Your objective: For the data below, transcribe the part that opens with the line containing "4 bed house" and closes with the line containing "demco-sidequest-image-11", exactly and with no pictures.

Recorded data:
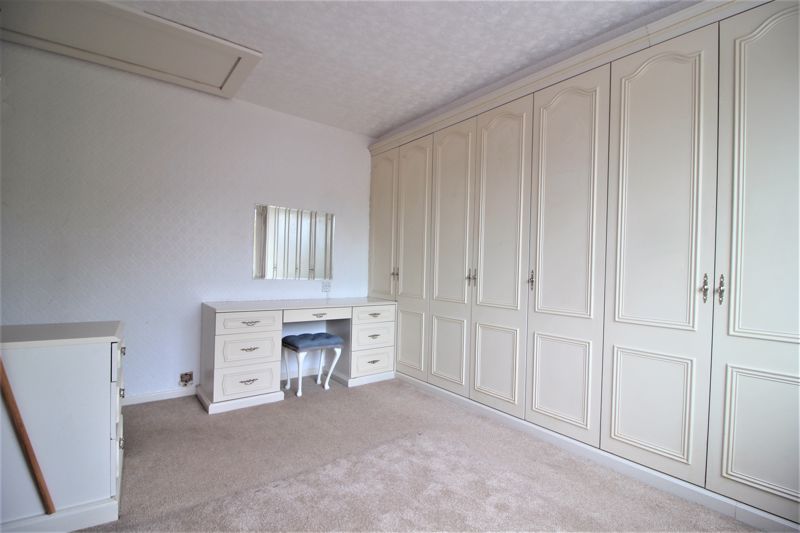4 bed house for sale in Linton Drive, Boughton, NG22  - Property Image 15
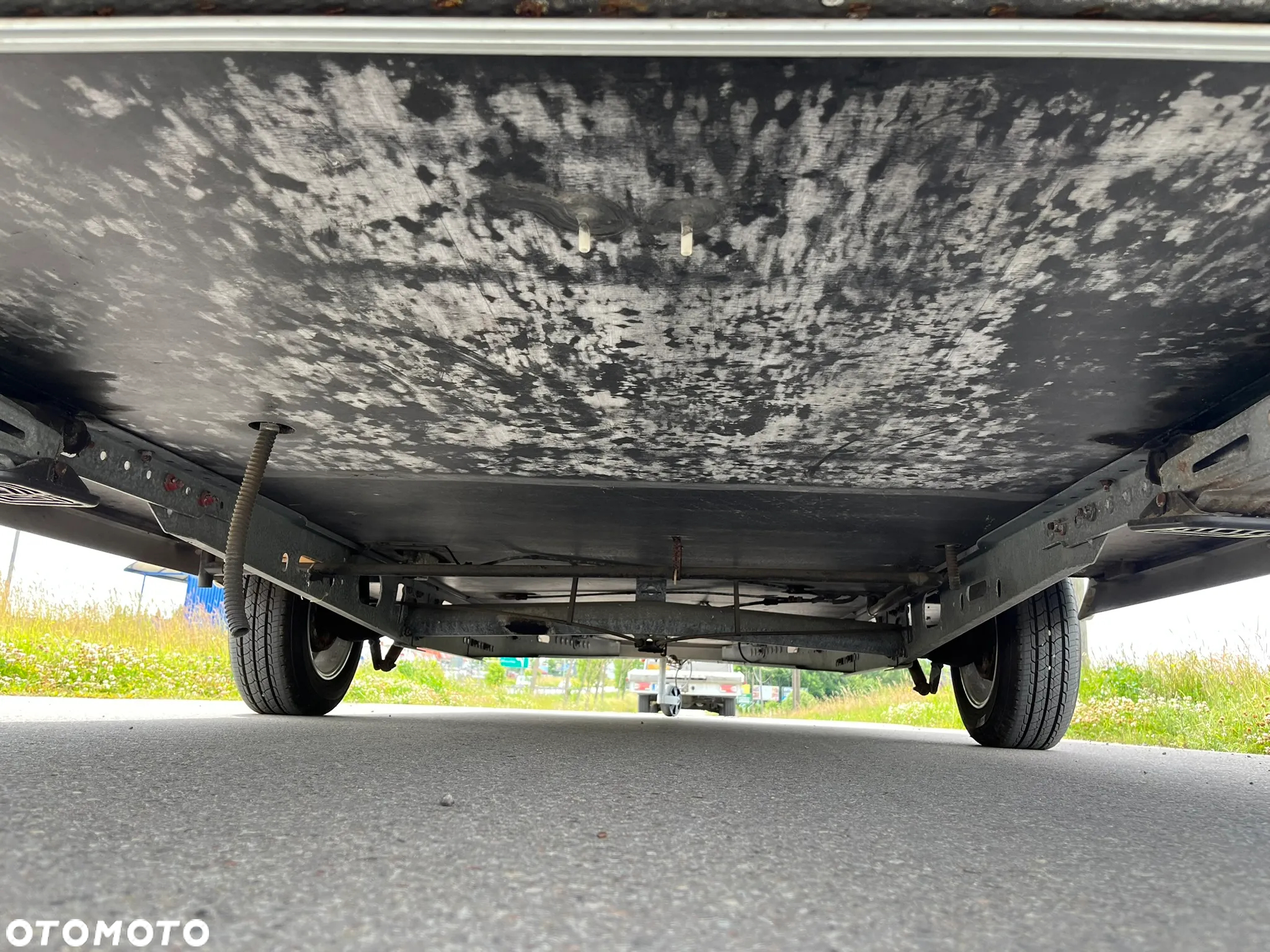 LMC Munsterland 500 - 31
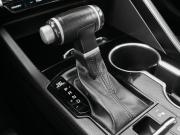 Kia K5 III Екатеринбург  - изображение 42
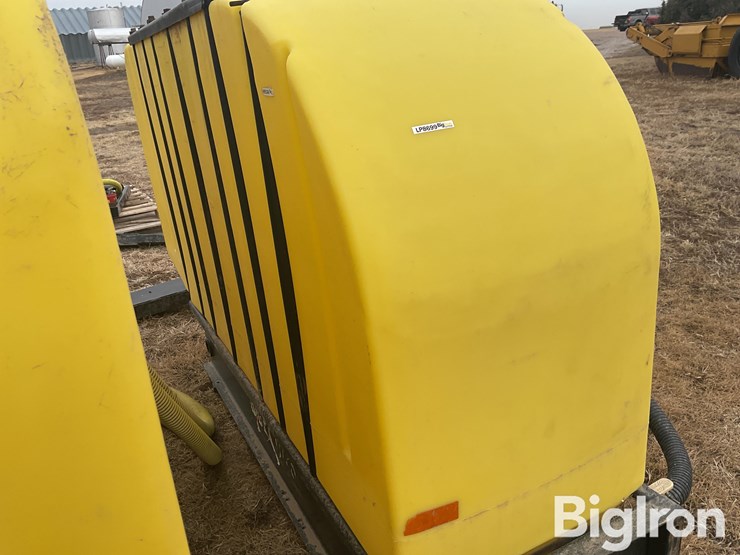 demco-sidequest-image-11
--
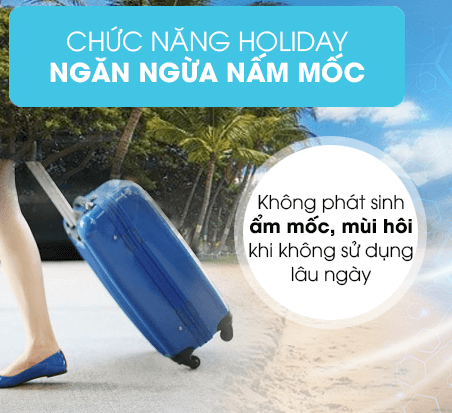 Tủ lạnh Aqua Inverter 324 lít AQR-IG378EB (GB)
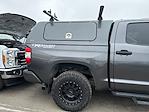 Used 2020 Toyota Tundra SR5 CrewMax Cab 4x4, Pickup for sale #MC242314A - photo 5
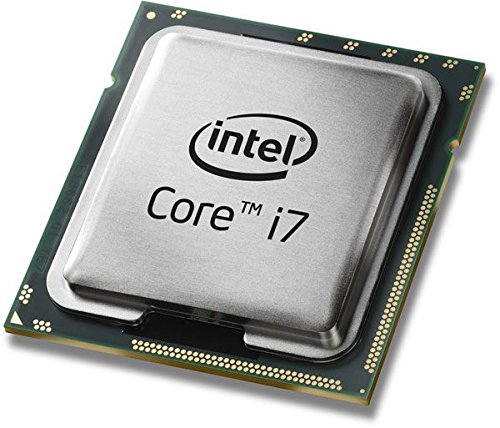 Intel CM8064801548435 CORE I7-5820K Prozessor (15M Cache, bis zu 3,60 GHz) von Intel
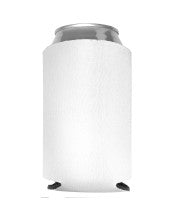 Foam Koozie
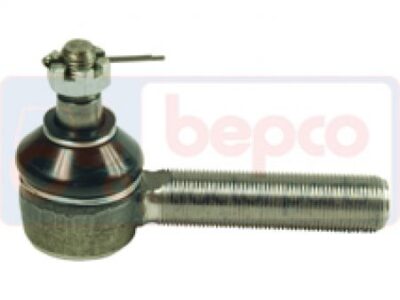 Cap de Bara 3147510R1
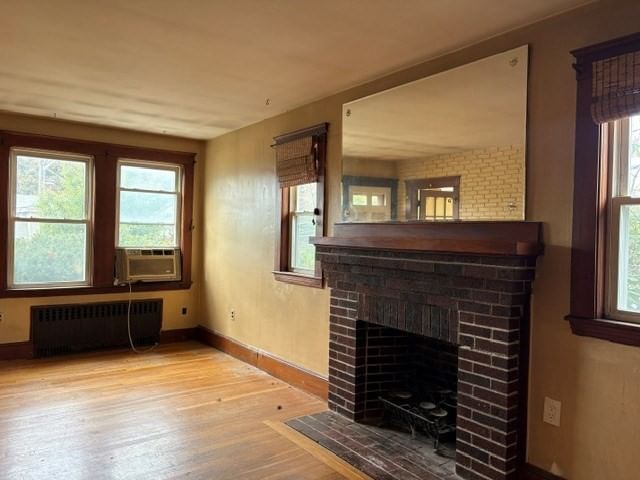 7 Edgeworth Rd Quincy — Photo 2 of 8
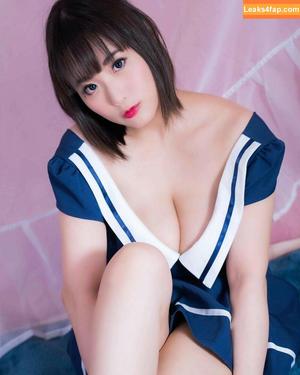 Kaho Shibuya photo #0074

Your response:
4 bed house for sale in Linton Drive, Boughton, NG22  - Property Image 15
 LMC Munsterland 500 - 31
 Kia K5 III Екатеринбург  - изображение 42
 demco-sidequest-image-11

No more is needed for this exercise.